# [DATASET CONTENT]
┌────────

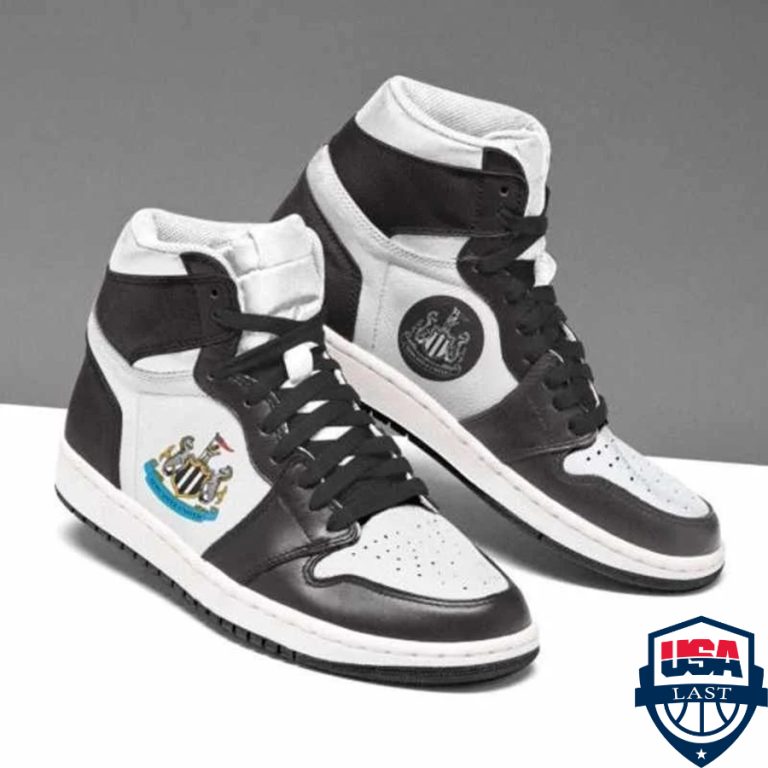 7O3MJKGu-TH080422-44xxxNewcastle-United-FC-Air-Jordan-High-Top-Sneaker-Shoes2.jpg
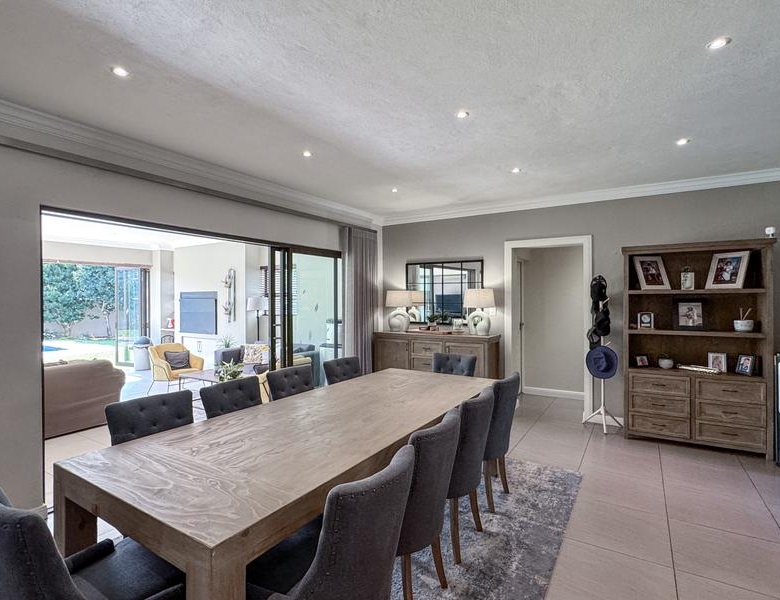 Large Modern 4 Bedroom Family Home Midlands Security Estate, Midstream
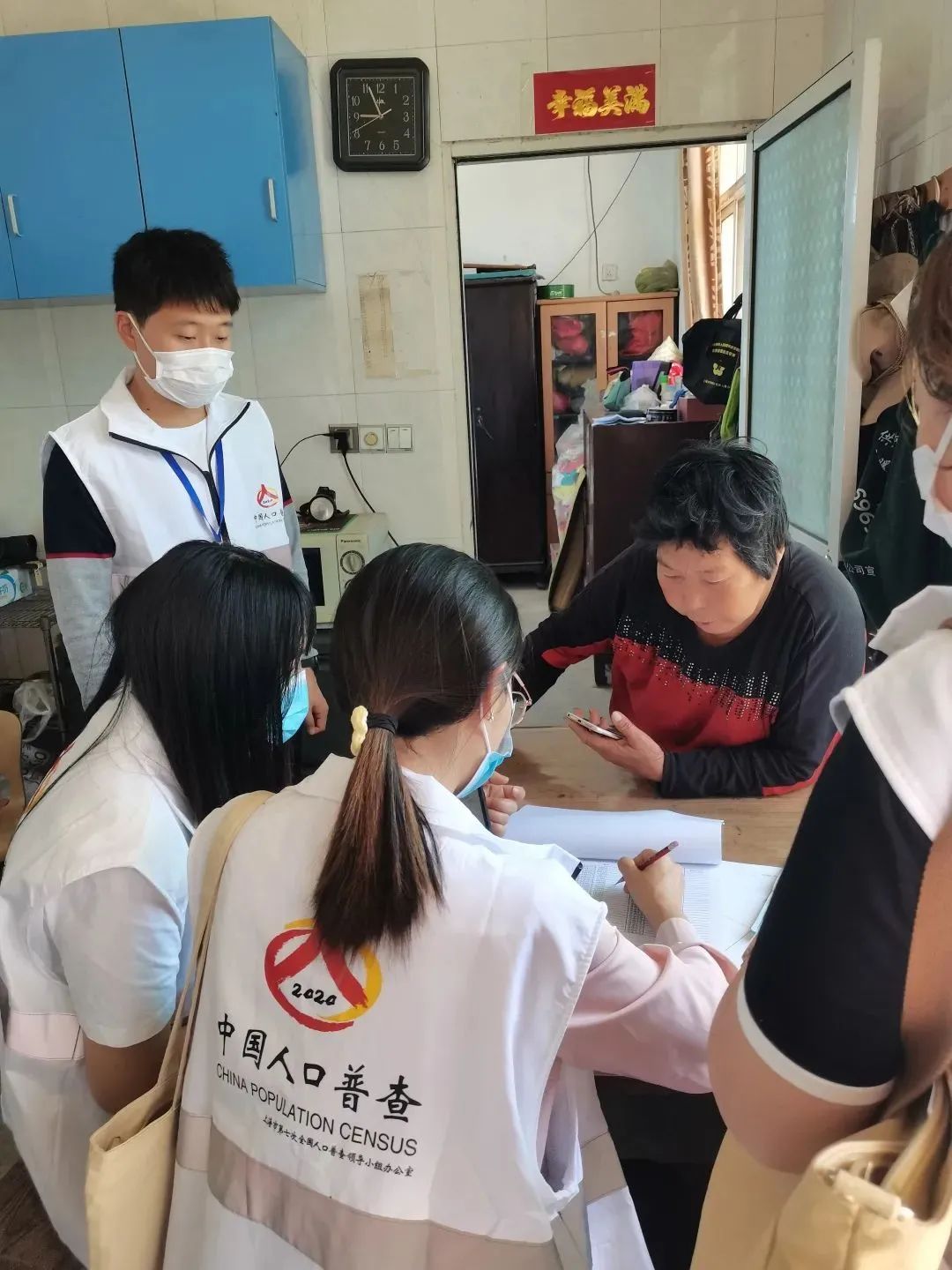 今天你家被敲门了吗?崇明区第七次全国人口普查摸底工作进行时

└────────

# [AIM OF THE TASK]
Give back an exact copy of the material above, omitting the pictures.

# [SOLUTION TO THIS EXERCISE]
 7O3MJKGu-TH080422-44xxxNewcastle-United-FC-Air-Jordan-High-Top-Sneaker-Shoes2.jpg
 Large Modern 4 Bedroom Family Home Midlands Security Estate, Midstream
 今天你家被敲门了吗?崇明区第七次全国人口普查摸底工作进行时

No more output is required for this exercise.